Single by Lonyo
- Released: 26 June 2000
- Genre: UK garage
- Length: 6:00
- Label: Riverhorse
- Songwriters: Lonyo Engele, Andy Di Martino, Paul Watson, Oscar D'León
- Producers: Paul 'Sweet P' Watson, Comme Ci Comme Ca, Gary 'Gee-Man' Bromham

Lonyo singles chronology
|  | "Summer of Love" (2000) | "In Ayia Napa" (2000) |

= Summer of Love (Lonyo song) =

2000 single by Lonyo

"Summer of Love" is a song by UK garage singer Lonyo. It was released as his debut single on 26 June 2000 and features MC Onyx Stone. The song samples the 1978 song "Cruel Desilusion" by Oscar D'León's group, La Critica. The single became a hit, reaching number eight in the United Kingdom, number 31 in the Netherlands and number 46 in Italy.

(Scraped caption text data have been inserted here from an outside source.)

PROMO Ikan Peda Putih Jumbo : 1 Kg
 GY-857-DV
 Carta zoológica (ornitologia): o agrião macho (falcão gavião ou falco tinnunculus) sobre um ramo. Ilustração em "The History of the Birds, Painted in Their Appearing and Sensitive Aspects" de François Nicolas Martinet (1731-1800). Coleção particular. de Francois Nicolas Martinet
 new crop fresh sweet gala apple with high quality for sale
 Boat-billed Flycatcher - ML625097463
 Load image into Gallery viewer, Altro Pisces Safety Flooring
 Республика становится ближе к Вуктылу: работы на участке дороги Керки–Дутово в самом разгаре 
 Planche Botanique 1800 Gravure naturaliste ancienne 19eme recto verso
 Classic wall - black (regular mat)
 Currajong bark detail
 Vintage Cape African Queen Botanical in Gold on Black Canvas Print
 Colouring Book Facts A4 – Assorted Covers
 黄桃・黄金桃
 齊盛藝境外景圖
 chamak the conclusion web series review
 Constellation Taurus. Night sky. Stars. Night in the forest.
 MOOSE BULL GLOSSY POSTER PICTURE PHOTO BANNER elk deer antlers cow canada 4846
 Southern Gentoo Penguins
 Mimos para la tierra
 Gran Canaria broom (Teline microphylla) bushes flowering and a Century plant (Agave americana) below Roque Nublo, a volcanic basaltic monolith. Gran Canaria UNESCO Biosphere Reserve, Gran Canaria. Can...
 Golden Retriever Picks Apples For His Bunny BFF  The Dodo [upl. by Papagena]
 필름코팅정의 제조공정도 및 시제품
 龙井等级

In the United States, it peaked at number 39 on the Billboard Dance Club Songs chart in October 2000.

==Track listings==
UK CD1
1. "Summer of Love" (radio edit)
2. "Summer of Love" (The No Bluffing Mix featuring MC Onyx Stone)
3. "Summer of Love" (Ci DIY dub)

UK CD2
1. "Summer of Love" (original extended)
2. "Summer of Love" (Robbie Rivera Boombastic vocal)
3. "Summer of Love" (Dreemhouse)

UK cassette single
1. "Summer of Love" (radio edit)
2. "Summer of Love" (The No Bluffing Mix featuring MC Onyx Stone)

European CD single
1. "Summer of Love" (radio edit)
2. "Summer of Love" (Robbie Rivera Bombastic vocal)

==Charts==

===Weekly charts===

| Chart (2000) | Peak position |
|---|---|
| Australia (ARIA) | 98 |
| Europe (Eurochart Hot 100) | 38 |
| Italy (FIMI) | 46 |
| Netherlands (Dutch Top 40) | 31 |
| Netherlands (Single Top 100) | 52 |
| Scotland Singles (OCC) | 32 |
| UK Singles (OCC) | 8 |
| US Dance Club Play (Billboard) | 39 |

===Year-end charts===

| Chart (2000) | Position |
|---|---|
| UK Singles (OCC) | 166 |

==Certifications==

| Region | Certification | Certified units/sales |
| United Kingdom (BPI) | Silver | 200,000^{‡} |
^{‡} Sales+streaming figures based on certification alone.